Areas covered: This review discusses the currently available gene therapy techniques, potential problems derived from gene therapy strategies and the recent development of gene therapy to treat neurological disorders, including Alzheimer’s disease, Parkinson’s disease, Huntington’s disease, amyotrophic lateral sclerosis and strokes.
Expert opinion: Gene therapy may revolutionize the treatment of neurological disorders in the coming decades but there are still great challenges ahead. The strength of gene therapy has been emphasized in the overexpression of therapeutic genes. However, in a number of dominantly inherited nervous system diseases, the ideal therapeutic goal would be to inhibit the expression of disease-causing allele. Gene silencing strategies by single-stranded antisense oligonucleotides and RNA interference represent a major breakthrough. Clinical trials using these approaches for dominant diseases are likely to be implemented in the near future.

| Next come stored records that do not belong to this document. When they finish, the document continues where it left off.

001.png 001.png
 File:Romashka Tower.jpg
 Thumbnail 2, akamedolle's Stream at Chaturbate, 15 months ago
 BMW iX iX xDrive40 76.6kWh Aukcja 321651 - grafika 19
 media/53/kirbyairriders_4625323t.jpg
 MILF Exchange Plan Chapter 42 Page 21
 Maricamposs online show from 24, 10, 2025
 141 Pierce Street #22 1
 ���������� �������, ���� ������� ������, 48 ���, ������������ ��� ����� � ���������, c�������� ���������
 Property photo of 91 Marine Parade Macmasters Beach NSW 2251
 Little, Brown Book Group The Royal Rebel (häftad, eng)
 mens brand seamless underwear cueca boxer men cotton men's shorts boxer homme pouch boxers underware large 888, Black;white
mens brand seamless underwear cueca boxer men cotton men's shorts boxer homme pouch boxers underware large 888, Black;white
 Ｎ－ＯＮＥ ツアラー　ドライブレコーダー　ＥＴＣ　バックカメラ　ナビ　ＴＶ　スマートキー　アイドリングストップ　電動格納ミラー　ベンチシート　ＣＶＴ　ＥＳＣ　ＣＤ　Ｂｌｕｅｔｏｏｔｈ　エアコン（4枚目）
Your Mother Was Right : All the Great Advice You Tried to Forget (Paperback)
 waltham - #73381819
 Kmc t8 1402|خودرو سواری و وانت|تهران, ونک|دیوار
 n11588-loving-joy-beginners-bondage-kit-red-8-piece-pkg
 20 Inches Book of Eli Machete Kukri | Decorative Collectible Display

Direct modulation of the Aβ trafficking pathway and non-Aβ-targeted approaches herald a new therapeutic frontier for AD.
Four candidates for PD gene therapy including EIAV-AADC-TH-GCH, AAV2-AADC, AAV2-GAD and AAV2-Neurturin are currently under clinical trial evaluation.
Potential efficacy of viral vector-mediated RNAi in targeting the suppression of dominant disease genes has shed new lights on the gene therapy for dominantly inherited diseases, including ALS and HD.
Gene transfer approach for stroke targets prevention of vasospasm after subarachnoid hemorrhage, ischemia-induced apoptosis, inflammation and derangement of neurovascular units.
Disclosure statement
The authors have no relevant affiliations or financial involvement with any organization or entity with a financial interest in or financial conflict with the subject matter or materials discussed in the manuscript. This includes employment, consultancies, honoraria, stock ownership or options, expert testimony, grants or patents received or pending, or royalties.